Ulises Gutiérrez y Pablo Chávez
Promesas no cumplidas, sanciones internacionales y sobrecostos operativos fueron algunas de las consecuencias de las decisiones tomadas para el sistema aeroportuario del centro del país, coincidieron especialistas aeronáuticos que participaron este jueves en el Primer Diálogo sobre los Servicios Aeroportuarios del Valle de México, organizado por el Centro de Estudios Espinosa Yglesias.
Entre las principales acciones está la de construir el Aeropuerto Internacional Felipe Ángeles (AIFA) en lugar de Texcoco, y las subsecuentes decisiones que tomó la administración de Andrés Manuel López Obrador para impulsarlo, entre ellas mandar ahí la carga dedicada que había en el Aeropuerto Internacional de la Ciudad de México (AICM) y reducir los slots por hora de 61 a 44.
“Estas dos decisiones provocaron una serie de protestas en el Departamento de Transporte (DOT), porque hay una serie de términos negociados en el tratado bilateral (del 2015) en los que, si se va a tomar una decisión se tiene que consensuar en el otro país, en este caso Estados Unidos”, recordó Rosario Avilés, periodista especializada en aviación.
La ponente destacó que, en su momento, el Gobierno federal minimizó las consecuencias de sus acciones, por ello, el DOT exigió el año pasado a las aerolíneas mexicanas enviar por adelantado sus itinerarios de vuelo a EU para su autorización; además, canceló 11 rutas del AIFA a destinos estadounidenses y negó el aumento de rutas y frecuencias desde el AICM.

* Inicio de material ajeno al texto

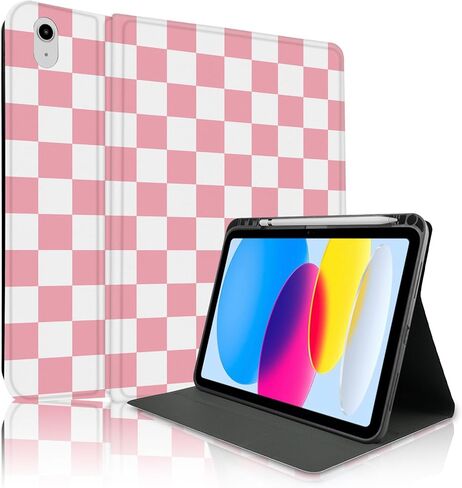 TopPerfekt Case for iPad 11th (A16) 11-inch 2025 / 10th Generation 10.9-inch 2022, Pencil Holder Anti Slip Shockproof for Kids, Female, Male, Plaid Cute Chic Checkered Series - Black in Saudi Arabia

Por su parte, José Alfredo Covarrubias, secretario general del Sindicato Nacional de Controladores de Tránsito Aéreo (SINACTA), afirmó que el AIFA vino a reducir en un 11% la capacidad del espacio aéreo del Valle de México, todo lo contrario a lo que se esperaba con la terminal en Santa Lucía.
“Antes, solo con el AICM, cabían 61 aeronaves por hora e inclusive indebidamente llegábamos a 65 y ahorita estamos en 44 por razones de seguridad y porque compartimos el mismo espacio con el AIFA”, explicó el controlador aéreo. “Esperábamos que con dos aeropuertos crecería el número de aeronaves para provecho de la población y resultó todo lo contrario”.

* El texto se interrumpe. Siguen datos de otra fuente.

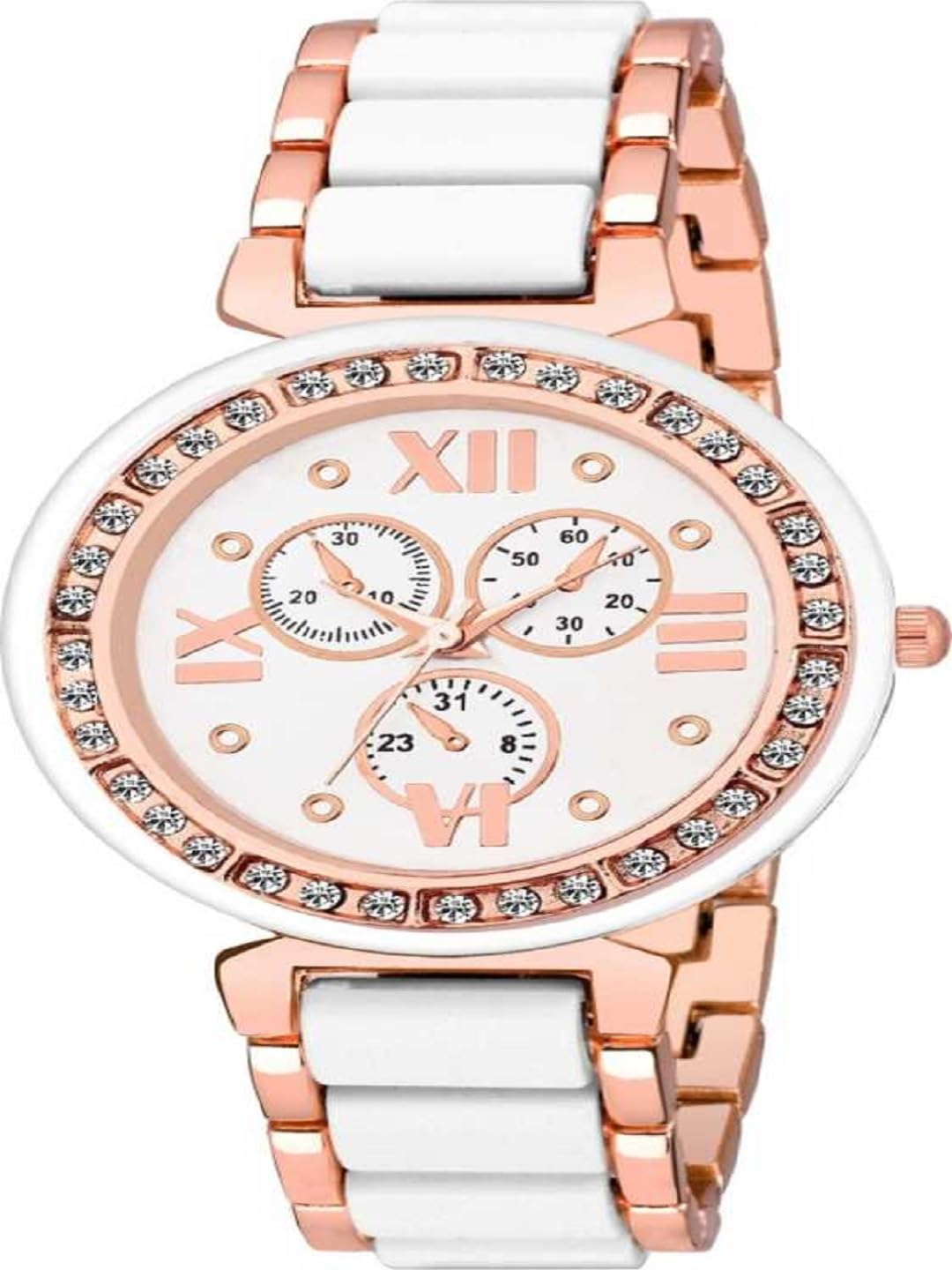Elegant Women's Metallic White & Rose Gold Wristwatch - Stylish Fashion Watch for Everyday Wear, Office & Special Occasions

María Larriva, especialista en tráfico aéreo e incidentes y accidentes, agregó que el Centro de Investigación Mitre, mediante un estudio, recomendó no construir otro aeropuerto en la zona norte del Valle de México, ya que esto saturaría el espacio aéreo e implicaría más costos operativos a las aerolíneas.
“Cuando mucho entre los dos aeropuertos van a manejar la capacidad que tenía el AICM, pero con muchas millas más a volar por avión (al AIFA), que se traducen en tiempo, dinero, esfuerzo y tecnología”, comentó.

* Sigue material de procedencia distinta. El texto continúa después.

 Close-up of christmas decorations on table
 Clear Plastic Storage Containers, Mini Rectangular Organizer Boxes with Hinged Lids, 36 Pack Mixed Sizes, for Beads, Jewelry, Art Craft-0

Larriva agregó que el rediseño del espacio aéreo, contando también a Toluca, que se hizo tras el AIFA tiene “fallas importantes” de seguridad, pues hay partes donde los aviones están casi sin separación, lo que incrementa la carga de trabajo de los controladores y los riesgos de un accidente.
Una opción más viable era concentrar todas las operaciones en un solo hub en lugar de varios aeropuertos, como sucede en Atlanta o Estambul.
Piden mejorar el AICM
Darle una verdadera importancia al Aeropuerto Internacional de la Ciudad de México no solo es un tema regional o dedicado a los habitantes de la capital, sino que se trata de un punto importante para potenciar el desarrollo y crecimiento económico del país, sostuvo Jesús Ramírez Stabros, ex secretario general de ASPA.
“Se habla del aeropuerto de la Ciudad de México, pero es el nodo fundamental de todo el sistema aeroportuario nacional, de la movilidad, de la competitividad aeronáutica. De eso estamos hablando, es el aeropuerto fundamental para el futuro y desarrollo de México”, relató.
El aviador afirmó que a pesar de tener el AIFA operativo se sigue “donde empezamos”, pues no hay una terminal que garantice al país “la viabilidad, continuidad y competitividad para hacer las cosas bien y crecer”.
Luis Francisco Robledo, ingeniero hidráulico, propuso que el AICM debe construir un túnel subterráneo y una planta de bombeo para hacerle frente a las lluvias, proyecto que él mismo propuso hace 15 años cuando fue consultado por directivos de Aeropuertos y Servicios Auxiliares (ASA).
El especialista cree que este proyecto tardaría unos 4 años en completarse y tendría un costo de 4 a 5 mil millones de pesos.